Я осматривался, стараясь уяснить себе, какие смутные воспоминания вызывала во мне эта местность, как вдруг заметил группу строений, окруженных каменной оградой с деревянной решеткой.
— Да, конечно! — воскликнул я. — Вспоминаю. Здесь я никогда не был, но за этой оградой, выходящей с другой стороны на улицу Генриетты, был, а, может быть, и есть еще анатомический театр, который я посещал на первом курсе медицинской школы. Здесь я производил и свое первое вскрытие.
— Самое подходящее место, — заметила мисс Беллингэм. — У вас материал был всегда под рукой. А вот и могила, о которой я говорила вам.
Мы остановились перед простой каменной гробницей, выветрившейся и потертой, но заботливо поддерживаемой. Скромная и вместе гордая надпись гласила, что здесь почивает Анна, шестая дочь Ричарда Кромвеля-Протектора. Это был простой, обыкновенный памятник, отражающий аскетический век. Но он вызывал и представление о беспокойных временах, когда в тенистых аллеях Грэйс-Инн-Лэна раздавались звон оружия и тяжелые шаги вооруженных людей, когда эта нелепая площадка для детских игр была сельским кладбищем среди зеленых полей, а поселяне, проезжая с возами в Лондон, останавливались, чтобы заглянуть через деревянную решетку.
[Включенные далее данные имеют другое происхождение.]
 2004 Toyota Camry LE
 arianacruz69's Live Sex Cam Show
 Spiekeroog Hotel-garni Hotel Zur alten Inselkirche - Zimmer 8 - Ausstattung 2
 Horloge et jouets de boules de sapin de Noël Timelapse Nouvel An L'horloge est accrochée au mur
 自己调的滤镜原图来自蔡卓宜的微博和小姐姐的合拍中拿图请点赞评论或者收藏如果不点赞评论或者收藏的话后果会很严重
— Наши фамильные памятники вот в том углу, — сказала мисс Беллингэм. — Но там есть кто-то, по-видимому, списывающий надпись. Хорошо, если бы он ушел. Мне хочется показать вам.
Тут я впервые заметил человека с записной книжкой, внимательно рассматривающего надпись на камне. Иногда он даже ощупывал руками стертые буквы.
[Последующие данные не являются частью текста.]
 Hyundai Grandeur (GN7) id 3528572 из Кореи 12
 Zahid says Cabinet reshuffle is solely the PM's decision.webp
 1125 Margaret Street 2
— Сейчас он копирует памятник моего деда, — сказала мисс Беллингэм.
В эту минуту человек обернулся и уставился на нас. Он был в очках и смотрел на нас пронизывающим взглядом.
У нас одновременно вырвалось восклицание удивления, так как перед нами был м-р Джеллико.
Прощай, Артемидор!
Был ли удивлен м-р Джеллико при виде нас, невозможно было сказать. Прочесть на его физиономии какую-нибудь мысль было так же трудно, как на деревянном лице, изваянном на ручке зонтика.